I am using my own data set, and therefore I am creating my own solution to process images and resize them. In order to have the exact same as in the Python code (and to have all images as vectors inside one matrix) I need to convert them from RGB to Array type so I can store them as columns in a matrix, but I keep an error and I can't seem to find information anywhere else.
I'm currently using an adapted version of the idea presented here.
using Images, FileIO, TestImages
cat_path = "path/Cat/"
cat_imgs = joinpath.(cat_path, readdir(cat_path))

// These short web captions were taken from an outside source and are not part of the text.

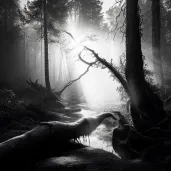 Misty dawn in an ancient forest - Image 3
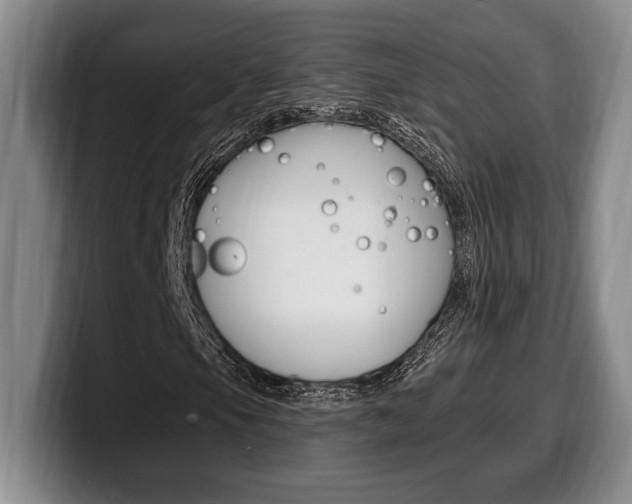 X0000100331105200806051157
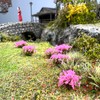 314 Pcs Nylon Miniature Grass Tufts, Mixed Pink & Purple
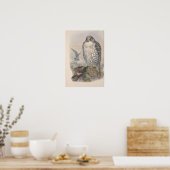 Vintager Island Falcon Bird Poster (Küche)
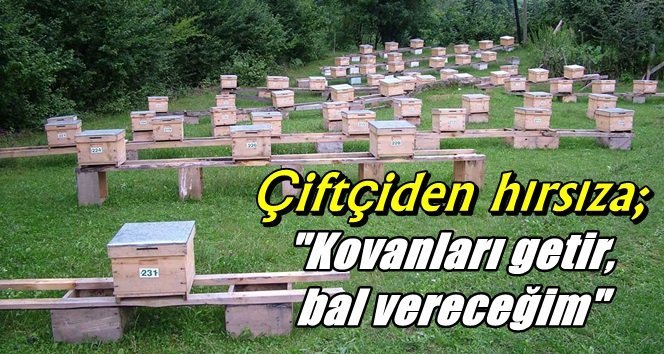 Çaycuma’da arı kovanlarını çalan hırsıza çiftçiden cevap!.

function process_image(path_vec::Vector{String}, h::Int64, w::Int64, label::Int64)
result = zeros((h*w), length(path_vec))
class = []
for i in enumerate(path_vec)
img = load(i[2])::Array{RGB{N0f8},2}
img = imresize(img,(h,w))::Array{RGB{N0f8},2}
img = vec(img)::Vector{RGB{N0f8}}
result[:,i[1]] = img # this is the line where I believe Im getting the error
push!(class, label)
end
return result, class
end
If I try to change the images from RGB to Gray it works (which makes sense as they will have just one channel and will easily become an array), but if I want to keep all channels in the vector I can't just use save them into the matrix as a Vector{RGB{N0f8}}, and if I try to use img = convert(Array{Float64,1},img)
I get the error: MethodError: Cannot
convert an object of type RGB{N0f8} to an object of type Float64
I'm not sure how to make the code easily reproducible, but I believe that if you create a folder with a single image and update the file paths it should be possible. Or just running the individual lines inside the function using a test image:
using TestImages
img = testimage("mandrill")
CodePudding user response:
Just use channelview
. Note that RGB values will be available as the first dimension.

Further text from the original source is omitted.